1. I agree that the use cases are limited to single trees. You kind of lose interpretability if you train the tree to maximum depth. It helps in improving interpretability while also improving on generalization performance. 
3. It is intuitive to prune the tree during training (i.e stop training after the validation error increases) . However this is very similar to just having a stopping criterion such as maximum depth, minimum samples in each node (except that the stopping criteria is dependent on validation data)
And is quite uncommon to do it. The standard practise (at least according to my lectures) is to train the tree to full depth and remove the leaves according to validation data.

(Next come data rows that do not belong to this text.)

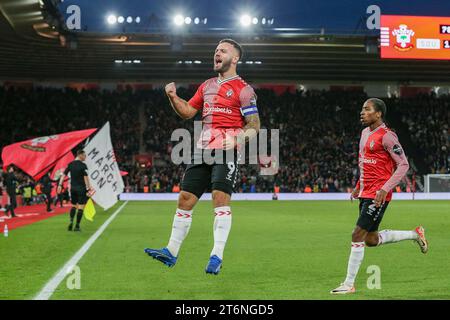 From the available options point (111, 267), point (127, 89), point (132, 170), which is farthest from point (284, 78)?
point (111, 267)

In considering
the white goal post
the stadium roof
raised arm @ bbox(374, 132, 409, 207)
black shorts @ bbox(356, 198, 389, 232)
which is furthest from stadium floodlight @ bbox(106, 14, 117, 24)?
black shorts @ bbox(356, 198, 389, 232)

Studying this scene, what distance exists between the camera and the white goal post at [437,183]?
42312 millimetres

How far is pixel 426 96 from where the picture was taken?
178 feet

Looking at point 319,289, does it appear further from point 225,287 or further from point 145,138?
point 145,138

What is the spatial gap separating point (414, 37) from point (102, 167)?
64.5 feet

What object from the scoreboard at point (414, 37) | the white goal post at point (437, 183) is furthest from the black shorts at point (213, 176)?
the white goal post at point (437, 183)

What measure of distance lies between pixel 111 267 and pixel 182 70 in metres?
41.1

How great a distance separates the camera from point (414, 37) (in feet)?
112

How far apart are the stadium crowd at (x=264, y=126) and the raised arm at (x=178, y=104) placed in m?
35.5

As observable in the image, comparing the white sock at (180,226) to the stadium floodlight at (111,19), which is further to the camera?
the stadium floodlight at (111,19)

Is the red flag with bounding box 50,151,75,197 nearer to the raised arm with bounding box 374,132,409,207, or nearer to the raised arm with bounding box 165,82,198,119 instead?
the raised arm with bounding box 374,132,409,207

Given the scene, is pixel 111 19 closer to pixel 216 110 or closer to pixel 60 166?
pixel 60 166

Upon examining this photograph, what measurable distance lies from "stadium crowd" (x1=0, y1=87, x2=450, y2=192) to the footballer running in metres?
35.6

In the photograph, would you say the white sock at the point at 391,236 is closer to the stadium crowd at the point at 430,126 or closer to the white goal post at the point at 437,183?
the white goal post at the point at 437,183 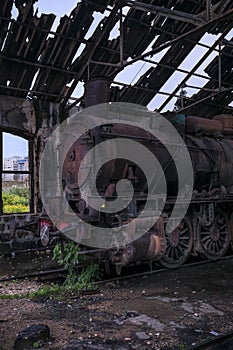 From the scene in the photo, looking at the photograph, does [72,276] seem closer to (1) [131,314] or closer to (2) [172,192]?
(1) [131,314]

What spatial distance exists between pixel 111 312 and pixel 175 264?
286 centimetres

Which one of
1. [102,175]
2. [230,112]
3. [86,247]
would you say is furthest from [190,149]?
[230,112]

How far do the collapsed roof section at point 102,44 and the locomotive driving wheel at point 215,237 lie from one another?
4.11 m

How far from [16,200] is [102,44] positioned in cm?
496

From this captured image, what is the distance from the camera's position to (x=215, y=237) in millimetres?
7965

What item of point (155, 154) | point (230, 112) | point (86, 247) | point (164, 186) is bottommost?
point (86, 247)

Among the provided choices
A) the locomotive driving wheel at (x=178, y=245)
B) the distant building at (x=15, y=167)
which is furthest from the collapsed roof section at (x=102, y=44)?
the locomotive driving wheel at (x=178, y=245)

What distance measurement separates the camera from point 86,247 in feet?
19.9

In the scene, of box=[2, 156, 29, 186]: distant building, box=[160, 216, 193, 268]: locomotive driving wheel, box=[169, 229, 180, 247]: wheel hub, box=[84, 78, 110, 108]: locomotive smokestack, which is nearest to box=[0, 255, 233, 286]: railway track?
box=[160, 216, 193, 268]: locomotive driving wheel

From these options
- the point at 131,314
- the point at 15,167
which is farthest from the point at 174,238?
the point at 15,167

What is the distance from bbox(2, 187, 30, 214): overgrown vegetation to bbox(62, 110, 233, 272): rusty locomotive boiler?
3745 mm

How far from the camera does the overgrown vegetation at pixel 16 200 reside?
9781 millimetres

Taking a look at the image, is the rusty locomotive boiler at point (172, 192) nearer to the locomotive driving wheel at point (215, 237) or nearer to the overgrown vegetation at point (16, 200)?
the locomotive driving wheel at point (215, 237)

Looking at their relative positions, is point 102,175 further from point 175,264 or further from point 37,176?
point 37,176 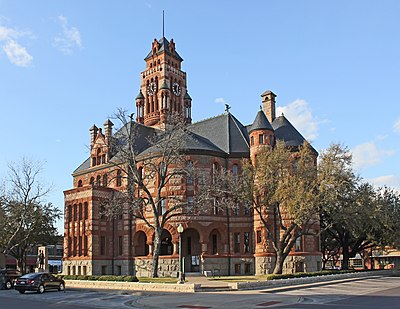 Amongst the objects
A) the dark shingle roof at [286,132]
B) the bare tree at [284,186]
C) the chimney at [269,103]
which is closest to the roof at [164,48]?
the chimney at [269,103]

However, if you feel that #14351 is more important, I can focus on that.


was (Author: mechcoder):
1. I agree that the use cases are limited to single trees. You kind of lose interpretability if you train the tree to maximum depth. It helps in improving interpretability while also improving on generalization performance. 
3. It is intuitive to prune the tree during training (i.e stop training after the validation error increases) . However this is very similar to just having a stopping criterion such as maximum depth, minimum samples in each node (except that the stopping criteria is dependent on validation data)
And is quite uncommon to do it. The standard practise (at least according to my lectures) is to train the train to full depth and remove the leaves according to validation data.

However, if you feel that #14351 is more important, I can focus on that.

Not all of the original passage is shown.